What is being asked |
From the data below, repeat exactly the lines from the line with "Jersey - Stitched" to the line with "Lucide RUBEN Pendelleuchte", both included.

Dataset entries |
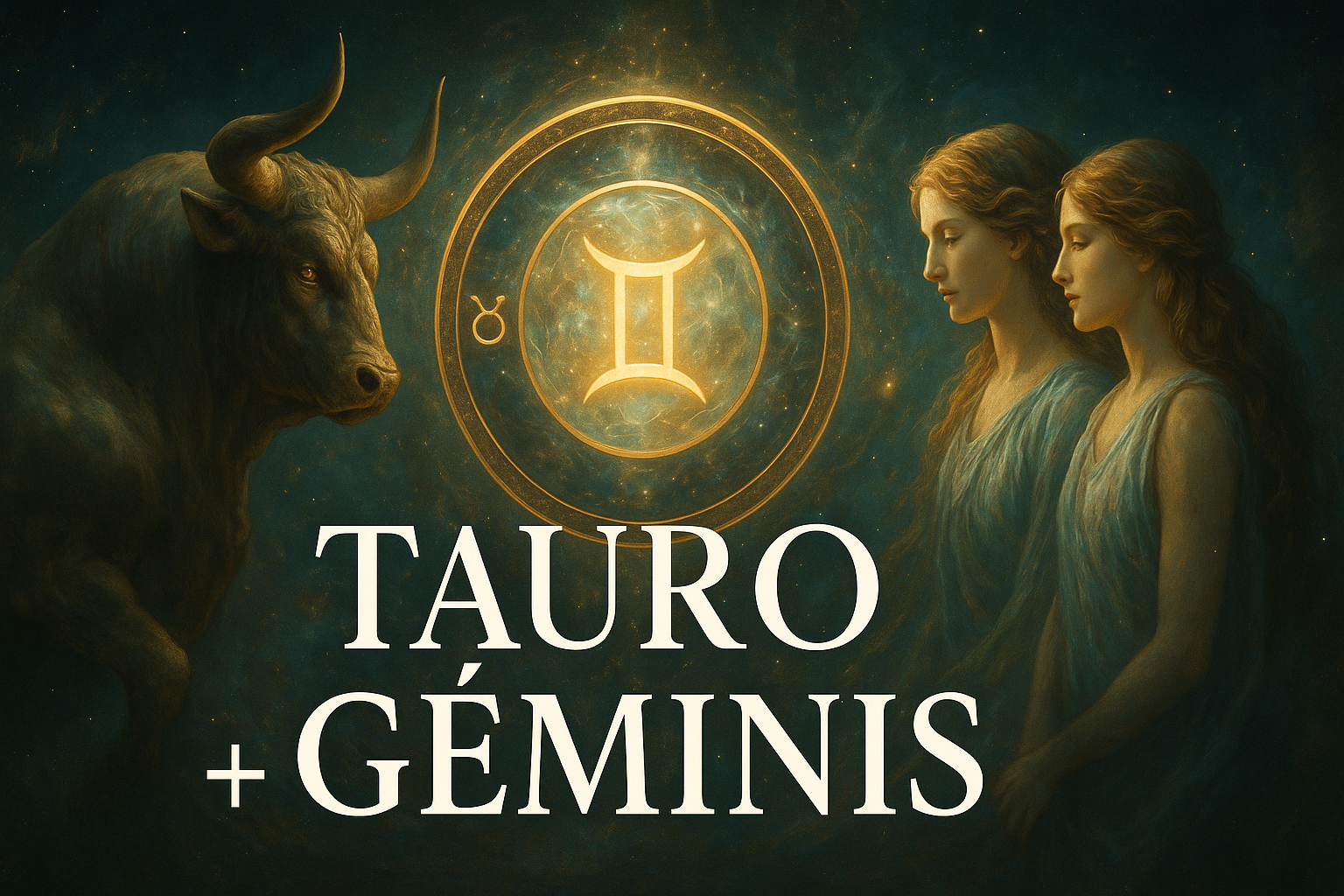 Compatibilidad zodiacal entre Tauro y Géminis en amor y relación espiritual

* * *

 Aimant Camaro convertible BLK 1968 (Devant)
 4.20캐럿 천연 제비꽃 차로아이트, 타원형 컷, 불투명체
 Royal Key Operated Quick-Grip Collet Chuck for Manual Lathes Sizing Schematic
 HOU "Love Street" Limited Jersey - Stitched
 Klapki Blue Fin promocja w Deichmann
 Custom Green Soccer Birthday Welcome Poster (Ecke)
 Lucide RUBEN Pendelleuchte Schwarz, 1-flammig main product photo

Result |
 HOU "Love Street" Limited Jersey - Stitched
 Klapki Blue Fin promocja w Deichmann
 Custom Green Soccer Birthday Welcome Poster (Ecke)
 Lucide RUBEN Pendelleuchte Schwarz, 1-flammig main product photo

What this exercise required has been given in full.